◆ EXERCISE DATA ◆
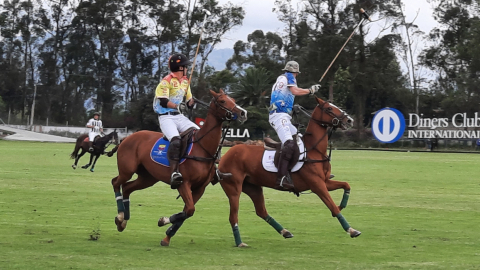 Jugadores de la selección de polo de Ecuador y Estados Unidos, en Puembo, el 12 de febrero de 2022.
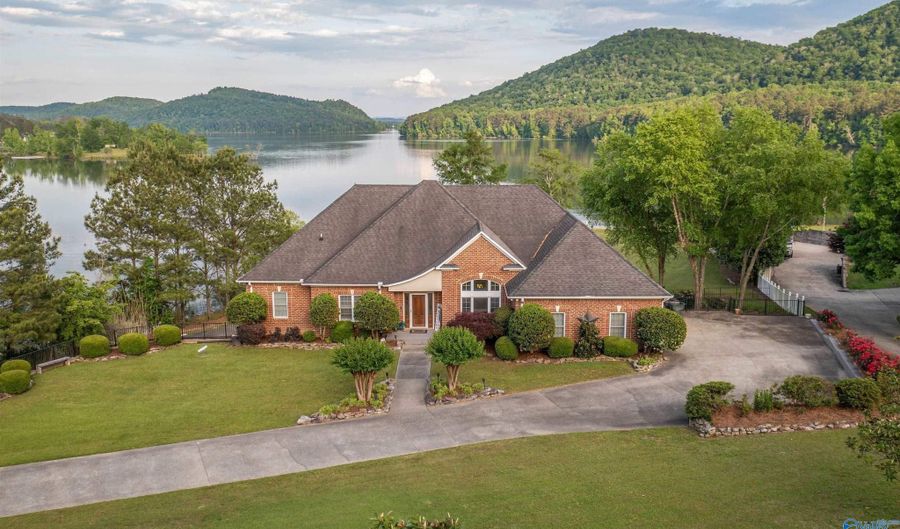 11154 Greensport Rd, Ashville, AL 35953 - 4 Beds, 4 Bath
* * *
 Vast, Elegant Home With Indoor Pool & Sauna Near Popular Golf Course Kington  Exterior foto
* * *
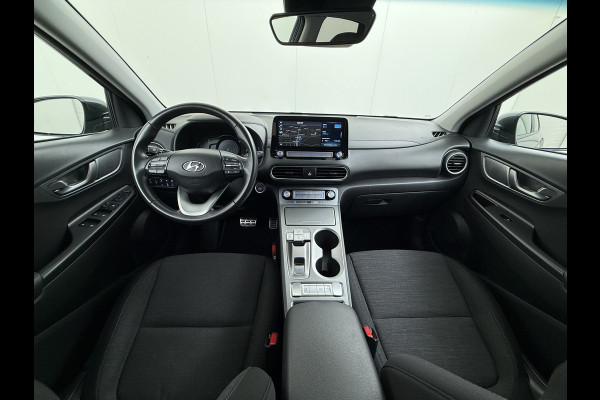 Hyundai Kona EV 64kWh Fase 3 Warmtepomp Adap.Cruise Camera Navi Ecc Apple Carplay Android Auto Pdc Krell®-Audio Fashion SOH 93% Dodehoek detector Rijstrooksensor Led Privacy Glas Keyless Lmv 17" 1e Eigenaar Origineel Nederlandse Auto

◆ GOAL OF THE EXERCISE ◆
Each line above that falls between the line with "Jugadores de la" and the line with "11154 Greensport Rd, Ashville, AL" should be printed exactly, together with those two lines, but the pictures should not.

◆ YOUR RESPONSE ◆
 Jugadores de la selección de polo de Ecuador y Estados Unidos, en Puembo, el 12 de febrero de 2022.
 11154 Greensport Rd, Ashville, AL 35953 - 4 Beds, 4 Bath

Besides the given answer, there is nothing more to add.